┏━━

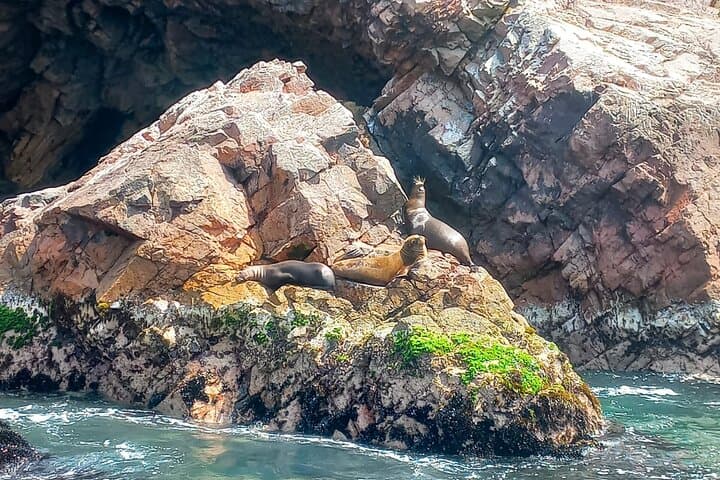 Ballestas Islands Boat Excursion from Paracas — Wildlife, Penguins & The Candelabra photo 3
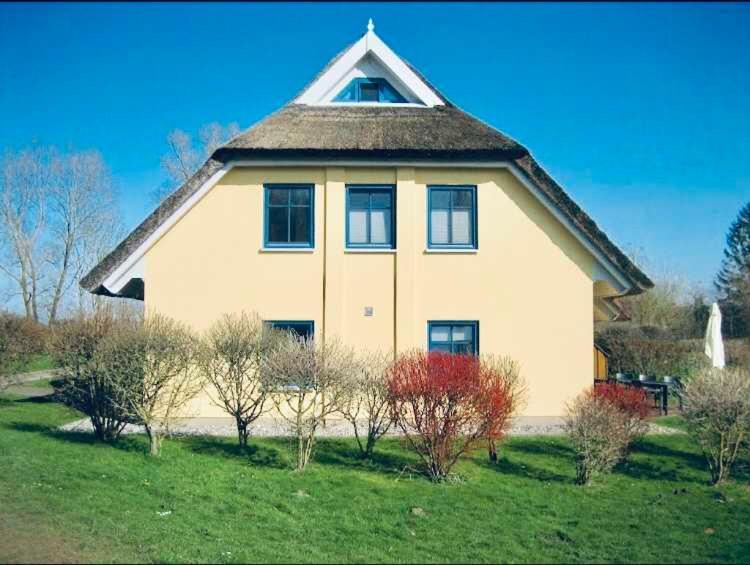 Komfortables Reetdachferienhaus Hasel 1 Puddemin Buitenkant foto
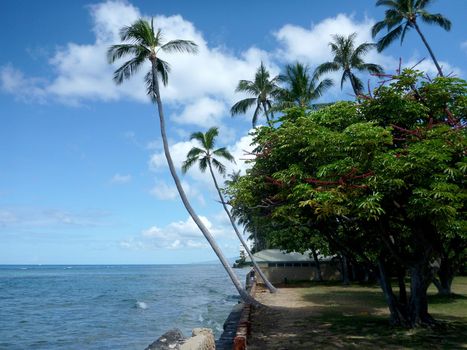 Coconut trees hang over stone path along cliff shore next to shallow ocean waters of Waikiki looking into the pacific ocean at Leahi Beach Park on Oahu, Hawaii on a beautiful day.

┗━━

#### [About this task]
Only the lines from the one with "Komfortables Reetdachferienhaus Hasel" through the final line of the data should be written out, exactly and including both ends. Skip the pictures.

#### [Answer space]
 Komfortables Reetdachferienhaus Hasel 1 Puddemin Buitenkant foto
 Coconut trees hang over stone path along cliff shore next to shallow ocean waters of Waikiki looking into the pacific ocean at Leahi Beach Park on Oahu, Hawaii on a beautiful day.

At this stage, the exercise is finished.